“Soul Men” closes out the Westcoast Black Theatre Troupe’s “change is gonna come” season with all the style and pizzazz we have come to expect from productions at the little theater that could. Indeed change has come to WBTT, which has just opened its beautiful new education and outreach space and has plans underway to add additional seating and restrooms to the theater space. This has been a tremendous season, and I look forward to what is in store for the fall.
In the meantime, the latest revue features a rather flimsy premise but, for the most part, delivers with hit after hit performed by the fabulous five “soul men.” When the show begins, a new performer named Breezy Weezy (Derrick Gobourne, Jr.) who has a Fresh Prince of Bel Air vibe in gold lame and chains makes his debut on the show of DJ Diamond (Ariel Blue). Diamond finds his arrogance off-putting and decides to school him in the history of soul music so he gains an appreciation for the creative musicians who preceded him. She summons the stellar cast, including fan-favorite Michael Mendez and newcomer Sheldon Rhoden as well as Leon Pitts II, Henry Washington and Raleigh Mosley II.
Mendez has a graceful stage presence, an amazing falsetto, and has matured into a captivating leading man. Perhaps my favorite song of the night was his nuanced rendition of “Tracks of My Tears.” I have always loved that song, but Mendez’s soulful version made me really focus on the moving lyrics about the ways we all tend to play a role to hide our sadness. Another of the best performances of the night was “Change is Gonna Come” by Rhoden, which was incredibly moving. He received a rare mid-show standing ovation, which felt just right.
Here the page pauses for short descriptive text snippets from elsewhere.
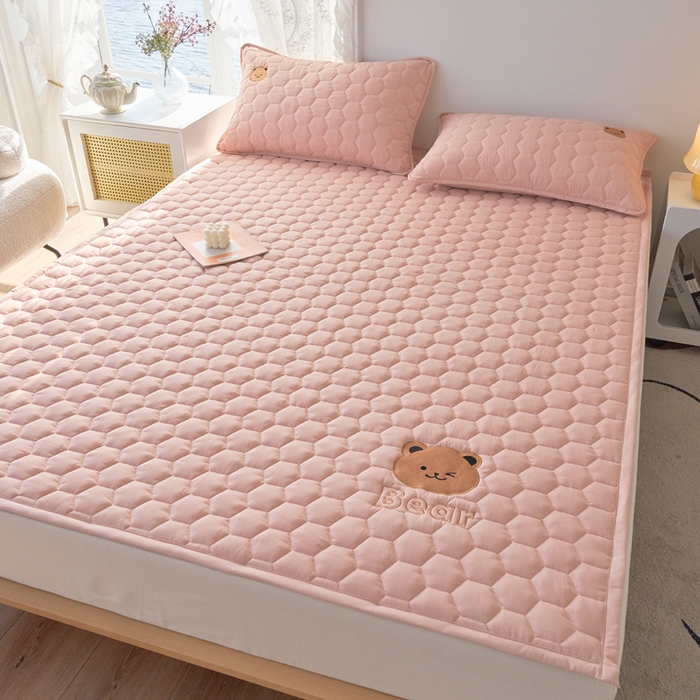 91家纺网 家纺一手货源 找家纺 恋绒家纺 2025新款A类刺绣款床褥学生软床垫子床护垫软垫（图2） 可爱熊-浅豆沙
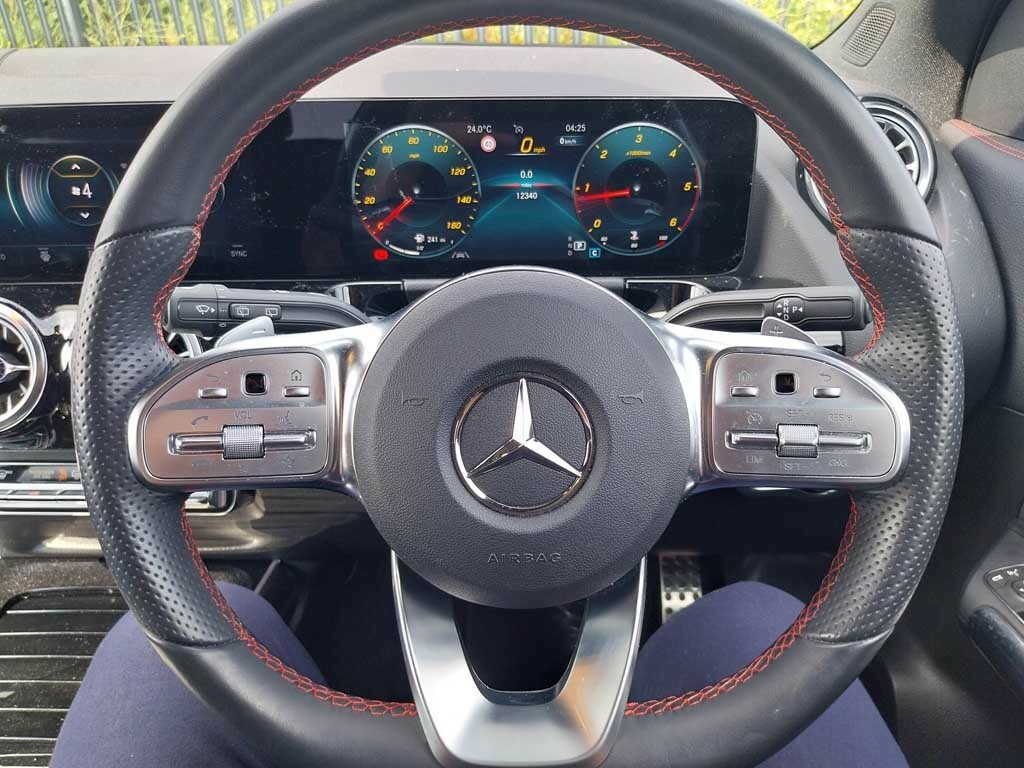 Mercedes-Benz GLA Class Gla 200 Amg Line Premium Black #14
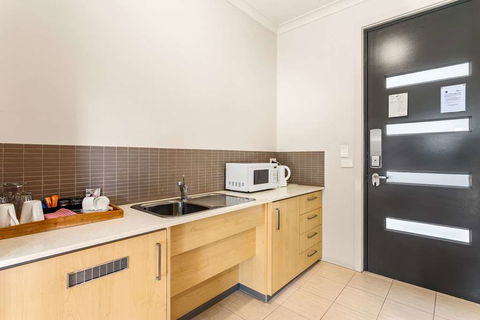 Quality Suites Point Cook Seasons 5 - Hotels Melbourne 8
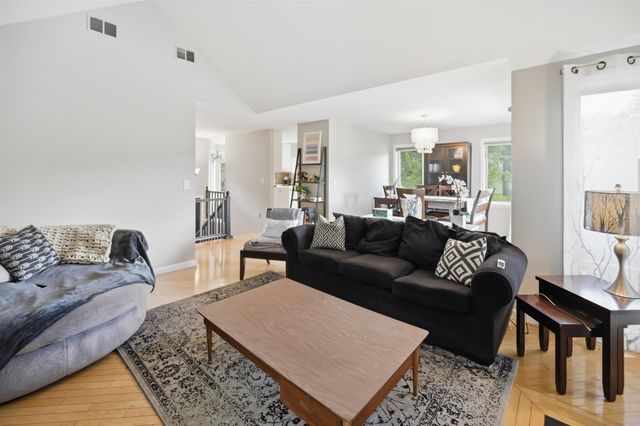 12 Charles Chase Way, Manchester, NH 03104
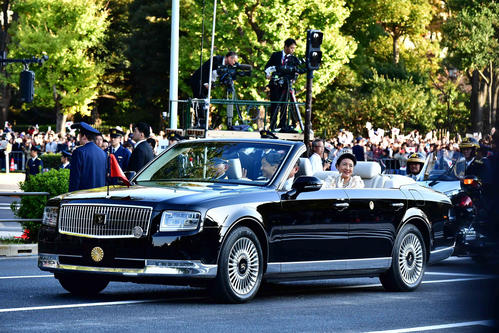即位を祝うパレードで、オープンカーから沿道の人々に手を振られる天皇、皇后両陛下＝国会正門前（撮影・小沢裕）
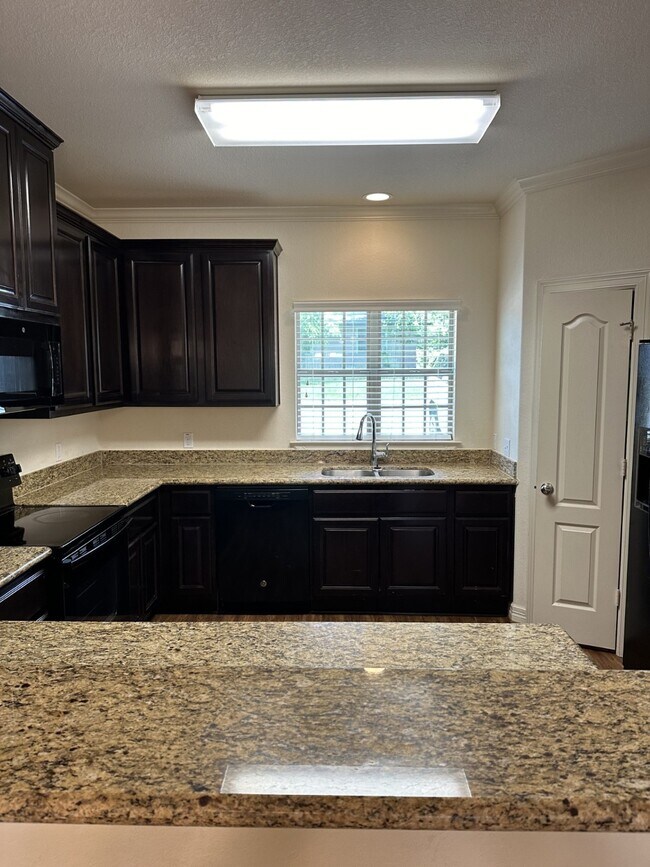 Photo - 214 S Tesch St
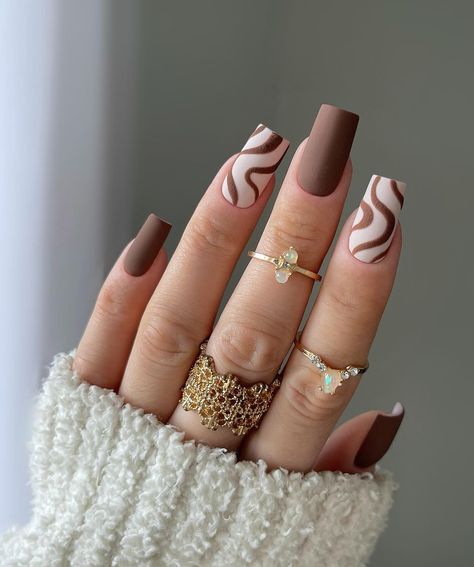 November Nails Colors, November Nails Fall, Brown Nails Design, November Nails, Square Nail Designs, Beige Nails, Matte Nails Design, Cute Summer Nails, Thanksgiving Nails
During an emotionally charged month, which included among other events, the 50th year since Martin Luther King Jr.’s passing and the disturbing arrests of two African-American men at Starbuck’s waiting for a table, the audience seemed to rise with all the pent-up desire for long-awaited change.
In “Soul Men” the cast delved more deeply into the ways in which soul music, particularly during the civil rights era of the 1960s and early 1970s, captured the tenor of the time and the heartbreak of having to protest to gain what should be one’s birthright.
The Westcoast Black Theatre Troupe is a sensation in the Sarasota scene and this latest production is yet another “feel good” program which manages to educate at the same time. Check out westcoastblacktheatre.org for more information.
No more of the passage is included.